El niño crecía y se fortalecía, llenándose de sabiduría; y la gracia de Dios estaba sobre él (Lc 2,22-40)
CONTEXTO DEL EVANGELIO

Mal 3,1-4; Sal 23,2-7; Heb 2,14-18

“De pronto entrará en el santuario el Señor a quien vosotros buscáis, el mensajero de la alianza que vosotros deseáis” (Mal 3,1).

“…que se alcen las antiguas compuertas: va entrar el Rey de la gloria” (Sal 23,7)

Movido por el Espíritu, vino al Templo; y cuando los padres introdujeron al niño Jesús, para cumplir lo que la Ley prescribía sobre él” (Lc 2,27)

HERMENÉUTICA DE LA FE

La Presentación de Jesús en el Templo nos descubre el ofrecimiento del Hijo primogénito, la purificación de la Virgen María, el misterio de salvación: Cristo desde su encarnación continúa ofreciéndose al Padre; la salvación es universal; se profetiza la Pasión de Jesucristo en su ser signo de contradicción, habiendo de vivir como redentor en el dolor y en la incomprensión; y, la dimensión sacrificial de la eucaristía (cfr. RM 16).
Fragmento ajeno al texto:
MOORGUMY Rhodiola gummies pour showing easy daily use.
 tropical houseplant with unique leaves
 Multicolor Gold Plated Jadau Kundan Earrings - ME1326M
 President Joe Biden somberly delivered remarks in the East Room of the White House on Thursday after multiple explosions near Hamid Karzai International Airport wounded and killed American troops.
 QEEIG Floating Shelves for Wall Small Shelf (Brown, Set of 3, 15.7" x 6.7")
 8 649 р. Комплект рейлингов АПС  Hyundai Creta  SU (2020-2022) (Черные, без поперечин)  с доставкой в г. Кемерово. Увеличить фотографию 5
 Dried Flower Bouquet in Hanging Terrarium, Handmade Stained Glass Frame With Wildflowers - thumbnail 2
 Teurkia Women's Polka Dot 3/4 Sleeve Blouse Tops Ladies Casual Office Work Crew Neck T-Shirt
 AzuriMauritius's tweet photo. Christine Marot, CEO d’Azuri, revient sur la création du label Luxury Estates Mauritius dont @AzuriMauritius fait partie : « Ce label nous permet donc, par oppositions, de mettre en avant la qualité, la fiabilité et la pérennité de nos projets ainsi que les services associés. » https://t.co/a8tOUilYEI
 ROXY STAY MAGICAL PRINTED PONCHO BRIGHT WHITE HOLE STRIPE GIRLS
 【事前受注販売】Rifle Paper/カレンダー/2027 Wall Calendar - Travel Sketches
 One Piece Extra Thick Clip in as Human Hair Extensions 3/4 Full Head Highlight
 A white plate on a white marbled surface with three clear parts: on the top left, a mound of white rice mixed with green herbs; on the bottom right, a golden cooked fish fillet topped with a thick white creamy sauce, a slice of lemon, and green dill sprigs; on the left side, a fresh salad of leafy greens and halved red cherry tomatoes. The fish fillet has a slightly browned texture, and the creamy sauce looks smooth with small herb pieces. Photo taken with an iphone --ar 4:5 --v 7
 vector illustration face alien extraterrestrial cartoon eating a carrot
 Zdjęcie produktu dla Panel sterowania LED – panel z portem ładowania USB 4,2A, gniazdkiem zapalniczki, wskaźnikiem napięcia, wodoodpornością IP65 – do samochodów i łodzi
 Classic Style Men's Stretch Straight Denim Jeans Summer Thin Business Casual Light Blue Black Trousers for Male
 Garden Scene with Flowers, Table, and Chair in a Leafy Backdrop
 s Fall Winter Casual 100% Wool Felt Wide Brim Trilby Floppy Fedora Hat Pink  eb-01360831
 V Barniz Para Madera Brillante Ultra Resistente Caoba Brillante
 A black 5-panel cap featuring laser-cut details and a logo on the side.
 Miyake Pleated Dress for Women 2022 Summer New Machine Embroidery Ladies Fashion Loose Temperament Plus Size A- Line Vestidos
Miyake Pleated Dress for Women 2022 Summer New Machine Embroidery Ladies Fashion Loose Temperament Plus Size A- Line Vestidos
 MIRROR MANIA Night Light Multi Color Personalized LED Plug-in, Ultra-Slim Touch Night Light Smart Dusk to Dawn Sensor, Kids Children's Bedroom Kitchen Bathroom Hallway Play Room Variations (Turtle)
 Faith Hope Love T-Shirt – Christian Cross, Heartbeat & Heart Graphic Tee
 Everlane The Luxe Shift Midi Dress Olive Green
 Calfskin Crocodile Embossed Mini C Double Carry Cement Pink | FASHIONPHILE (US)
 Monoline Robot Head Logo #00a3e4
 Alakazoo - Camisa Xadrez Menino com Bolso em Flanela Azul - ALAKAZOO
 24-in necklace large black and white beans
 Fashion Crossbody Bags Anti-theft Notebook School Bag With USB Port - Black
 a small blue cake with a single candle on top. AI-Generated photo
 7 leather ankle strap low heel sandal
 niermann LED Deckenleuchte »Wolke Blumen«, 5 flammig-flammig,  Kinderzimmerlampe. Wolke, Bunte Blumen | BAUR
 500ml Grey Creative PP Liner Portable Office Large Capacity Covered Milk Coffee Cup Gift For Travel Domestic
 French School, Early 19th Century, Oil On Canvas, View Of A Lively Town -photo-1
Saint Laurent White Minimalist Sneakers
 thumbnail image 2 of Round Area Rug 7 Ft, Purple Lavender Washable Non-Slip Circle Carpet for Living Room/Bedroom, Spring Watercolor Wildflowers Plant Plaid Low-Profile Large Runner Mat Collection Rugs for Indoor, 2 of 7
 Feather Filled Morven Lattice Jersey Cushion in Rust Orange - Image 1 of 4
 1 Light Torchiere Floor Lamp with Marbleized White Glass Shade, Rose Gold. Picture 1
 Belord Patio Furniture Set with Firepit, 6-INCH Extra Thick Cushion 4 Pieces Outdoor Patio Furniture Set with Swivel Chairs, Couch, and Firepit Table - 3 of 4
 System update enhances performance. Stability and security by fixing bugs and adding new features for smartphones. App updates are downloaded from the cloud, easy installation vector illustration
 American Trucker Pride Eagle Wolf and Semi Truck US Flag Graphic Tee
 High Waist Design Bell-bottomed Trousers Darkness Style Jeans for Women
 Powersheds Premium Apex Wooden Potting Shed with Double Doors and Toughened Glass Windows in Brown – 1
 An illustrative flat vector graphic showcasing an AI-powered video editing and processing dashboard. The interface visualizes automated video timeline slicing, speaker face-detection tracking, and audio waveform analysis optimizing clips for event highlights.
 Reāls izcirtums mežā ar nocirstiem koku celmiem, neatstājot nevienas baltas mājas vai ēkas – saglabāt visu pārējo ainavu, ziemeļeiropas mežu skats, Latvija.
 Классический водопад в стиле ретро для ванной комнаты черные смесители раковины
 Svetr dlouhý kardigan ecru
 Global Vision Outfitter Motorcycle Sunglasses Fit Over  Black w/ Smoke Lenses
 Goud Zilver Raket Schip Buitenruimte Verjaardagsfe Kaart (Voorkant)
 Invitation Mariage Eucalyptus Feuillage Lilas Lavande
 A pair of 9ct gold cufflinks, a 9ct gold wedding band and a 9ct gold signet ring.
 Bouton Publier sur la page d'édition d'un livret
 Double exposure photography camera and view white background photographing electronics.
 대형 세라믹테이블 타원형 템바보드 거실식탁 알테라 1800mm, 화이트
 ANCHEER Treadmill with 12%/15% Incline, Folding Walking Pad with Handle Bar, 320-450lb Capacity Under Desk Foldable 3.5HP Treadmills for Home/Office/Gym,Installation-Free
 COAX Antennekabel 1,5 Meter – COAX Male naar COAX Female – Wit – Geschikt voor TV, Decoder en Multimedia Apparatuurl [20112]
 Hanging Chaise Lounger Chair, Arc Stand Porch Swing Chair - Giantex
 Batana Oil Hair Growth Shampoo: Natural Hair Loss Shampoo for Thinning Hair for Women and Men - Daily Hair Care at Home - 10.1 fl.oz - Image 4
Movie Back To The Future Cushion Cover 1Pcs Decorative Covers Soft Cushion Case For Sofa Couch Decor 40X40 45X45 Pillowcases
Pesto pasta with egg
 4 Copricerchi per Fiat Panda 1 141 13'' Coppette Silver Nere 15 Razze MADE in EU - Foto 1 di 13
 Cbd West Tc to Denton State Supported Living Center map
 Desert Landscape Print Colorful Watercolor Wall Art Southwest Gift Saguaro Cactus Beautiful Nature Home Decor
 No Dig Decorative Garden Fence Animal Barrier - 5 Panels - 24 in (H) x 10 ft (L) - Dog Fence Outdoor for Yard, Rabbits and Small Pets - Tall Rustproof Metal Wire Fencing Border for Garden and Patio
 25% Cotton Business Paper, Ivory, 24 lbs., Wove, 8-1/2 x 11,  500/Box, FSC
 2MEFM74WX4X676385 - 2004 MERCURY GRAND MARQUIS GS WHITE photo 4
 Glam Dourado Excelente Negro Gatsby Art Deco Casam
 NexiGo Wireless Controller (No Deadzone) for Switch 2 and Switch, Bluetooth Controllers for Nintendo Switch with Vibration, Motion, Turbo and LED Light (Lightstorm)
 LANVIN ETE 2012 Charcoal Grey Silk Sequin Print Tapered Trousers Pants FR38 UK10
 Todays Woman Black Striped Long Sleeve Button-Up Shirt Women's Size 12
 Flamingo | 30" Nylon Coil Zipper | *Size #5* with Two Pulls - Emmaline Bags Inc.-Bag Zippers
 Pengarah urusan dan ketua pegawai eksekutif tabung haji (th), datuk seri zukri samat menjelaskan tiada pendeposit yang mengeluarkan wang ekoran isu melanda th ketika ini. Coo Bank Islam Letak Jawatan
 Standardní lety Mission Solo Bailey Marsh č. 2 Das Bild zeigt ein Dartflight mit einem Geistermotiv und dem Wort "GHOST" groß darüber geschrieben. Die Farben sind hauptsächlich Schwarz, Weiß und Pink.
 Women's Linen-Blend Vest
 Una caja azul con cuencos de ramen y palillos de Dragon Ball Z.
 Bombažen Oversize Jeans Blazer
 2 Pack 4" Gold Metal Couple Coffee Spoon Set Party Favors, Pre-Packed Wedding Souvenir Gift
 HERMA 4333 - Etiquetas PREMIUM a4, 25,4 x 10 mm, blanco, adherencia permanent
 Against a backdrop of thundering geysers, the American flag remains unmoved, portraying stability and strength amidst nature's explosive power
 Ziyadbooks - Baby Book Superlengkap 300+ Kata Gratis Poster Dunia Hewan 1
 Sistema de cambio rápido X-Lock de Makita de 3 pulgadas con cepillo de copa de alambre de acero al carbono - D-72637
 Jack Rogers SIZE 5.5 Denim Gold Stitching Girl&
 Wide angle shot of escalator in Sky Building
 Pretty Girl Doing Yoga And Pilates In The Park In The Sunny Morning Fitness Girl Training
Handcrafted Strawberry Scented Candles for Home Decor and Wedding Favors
El anciano Simeón, hombre justo, en quien moraba el Espíritu de Dios y movido por ese mismo Espíritu identifica a Jesús como el Salvador, como Luz de todos los pueblos, como signo de contradicción que culminará con el misterio de la Cruz. Este anuncio hecho a María le revela que su maternidad está íntimamente unida al dolor redentor de su Hijo: “Se preanunciaba así el drama del Hijo crucificado y, en cierto modo, se prefiguraba el «stabat Mater» de la Virgen al pie de la Cruz. Preparándose día a día para el Calvario, María vive una especie de «Eucaristía anticipada»” (EcEu 56). Su maternidad será oscura y dolorosa.
Simeón también le revela a María que ha de vivir en el dolor y el sufrimiento su obediencia a la fe al lado del Redentor. La Virgen María, por su parte, orienta la oblación de sí misma hacia la Cruz. Ella misma queda inserta en la lucha de las tinieblas que no acogen a la Luz, abogando para que los hombres conozcan la verdad sobre Jesús. La Virgen María comprende y asume que la presencia, la cercanía y la condescendencia del Hijo de Dios, lamentablemente encuentra oposición y resistencia por parte de algunos hombres. Es la oposición que nace de la inevitable y esencial imperfección del mundo “visible” y “material” al ser perfectísimo que es Dios (cfr. DEV 55).
La Virgen María creyente orienta toda su vida hacia el misterio de la Eucaristía, hace suya la dimensión sacrificial de la Misa antes y después de la Pascua de Jesús. Una vez que Jesús ascendió al cielo  y cada vez que la Virgen María comulgara sacramentalmente a su Hijo, “debía significar para María como si acogiera de nuevo en su seno el corazón que había latido al unísono con el suyo y revivir lo que había experimentado en primera persona al pie de la Cruz” (EcEu 56).

Esta fe, esperanza y amor de María nos revelan las características escatológicas de nuestra actitud frente al orden temporal: desprendimiento, trascender los bienes segundos, un corazón que vigila, conscientes que el corazón no se sacia en el tiempo. El peregrinar del cristiano requiere esta actitud escatológica de espera del encuentro definitivo con Jesús. Esta referencia al Absoluto es propia de quien consagra toda su vida asumiendo los consejos evangélicos, porque nuestra vida “es una espera más o menos larga del encuentro "cara a cara" con el Esposo divino, una espera que se ha de vivir con corazón siempre vigilante” (Benedicto XVI, 2007).